Just received a hard wire security system with eight cameras. I need an installer. Who do you recommend.

Thanks 
BT


----------



## salty_dawg (Mar 21, 2013)

Is the wiring BNC or Ethernet?


----------



## BananaTom (Feb 16, 2008)

salty_dawg said:


> Is the wiring BNC or Ethernet?


Thanks for replying
Not sure what BNC is.

I have the installer coming Wednesday.
I chose Smith Security System, INc.


----------



## Boat-Dude (Sep 24, 2011)

...


----------



## Sequoiha (Sep 28, 2007)

I just installed my own 8 camera system, pain in the ass.


----------



## yz250fridin (Feb 27, 2013)

What systems did you guys get. I have been looking at them for a while just never could pull the trigger.


Sent from my iPhone using Tapatalk


----------



## Sequoiha (Sep 28, 2007)

yz250fridin said:


> What systems did you guys get. I have been looking at them for a while just never could pull the trigger.
> 
> 
> Sent from my iPhone using Tapatalk


I got the Annke , 8 cameras, 1Terabite DVR,


----------



## salty_dawg (Mar 21, 2013)

I've done a couple different ones. The first was Amcrest with a combination of wireless cameras and POE (power over ethernet). That was in an existing construction. The one I'm doing now is Ubiquiti which is probably more involved than the off the shelf solutions (well, more involved relative to how I'm doing it). I've done an evaluation of the Ubiquiti DVR and one of their basic outdoor cameras. I was trying to avoid a solution that requires cloud storage and one that didn't require replacing batteries in cameras. So far I like the interface and ease of setup. My current house is under construction so I've been able to run cable to all cameras but will be deploying a couple of the remote POE switches to avoid running multiple runs to the dock and pool areas.

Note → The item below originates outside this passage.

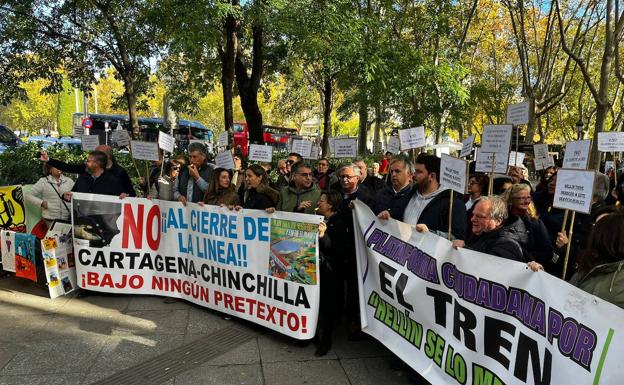 Decenas de vecinos de Hellín protestan en Madrid por el corte de la línea férrea.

The BNC or coax type systems are less expensive. POE, in my opinion, is easier to install if you have the equipment to terminate your own ethernet cable. The POE systems also allow you to run single runs to a remote POE switch and connect multiple cameras to a single switch. The Ubiquity system creates a mesh network and has higher quality components to connect wireless cameras. My old Amcrest would accept wireless cameras but the quality and reliability of your camera is HIGHLY dependent on how good your wireless connection is. Bottom line, if you have the ability to hard-wire the camera, do it. If not, really evaluate your wireless network and do a lot of home work on how systems facilitate wireless connectivity.


----------



## bukshot01 (Oct 2, 2007)

Call Jerry... He is an installer with a local security camera company. He will run your wires as side work. 850-281-9560


----------



## BananaTom (Feb 16, 2008)

The installers took 4 hours to install the Night Owk 8 camera system. These guys were awesome!!! Ran all 8 wires through the attic and down the wall to my den TV. Then ran one from this location to my office to connect to the wifi. Programmed the system and our two smart phones, highly impressed we are!!!


----------